> [Supplied data]
***

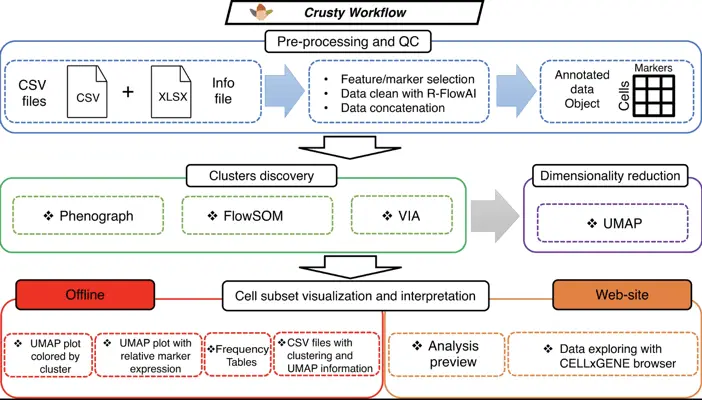 Performance and description of Crusty workflow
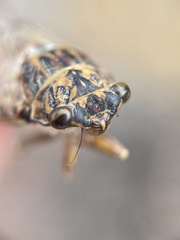 Cicada barbara lusitanica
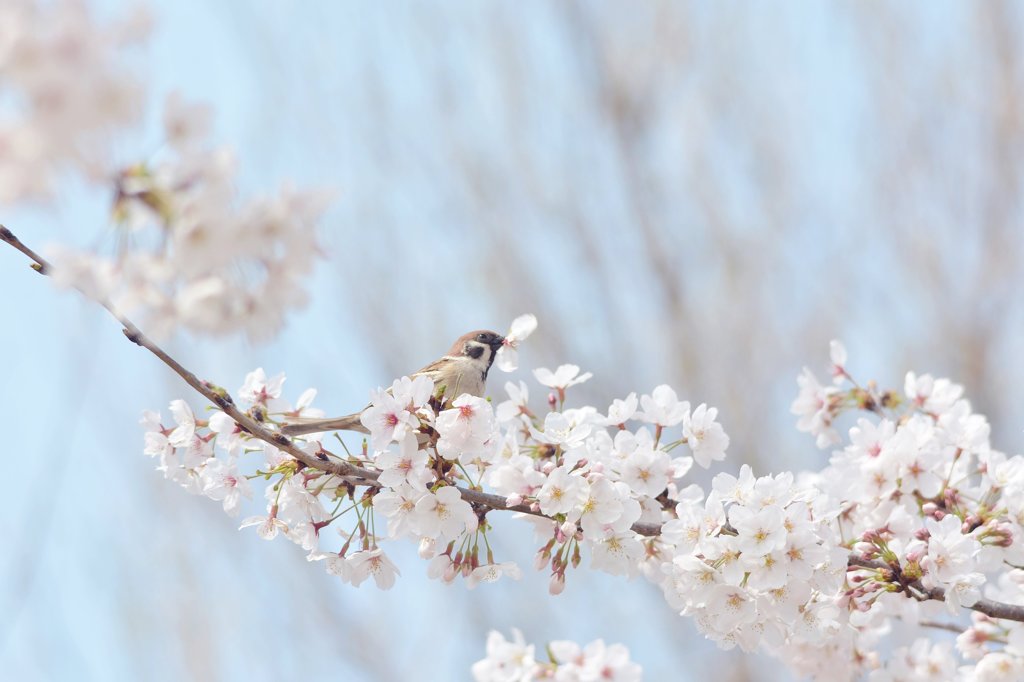 桜チュンさん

***

> [To do] Output the full material exactly as given, without its pictures.

> [Exercise answer]
 Performance and description of Crusty workflow
 Cicada barbara lusitanica
 桜チュンさん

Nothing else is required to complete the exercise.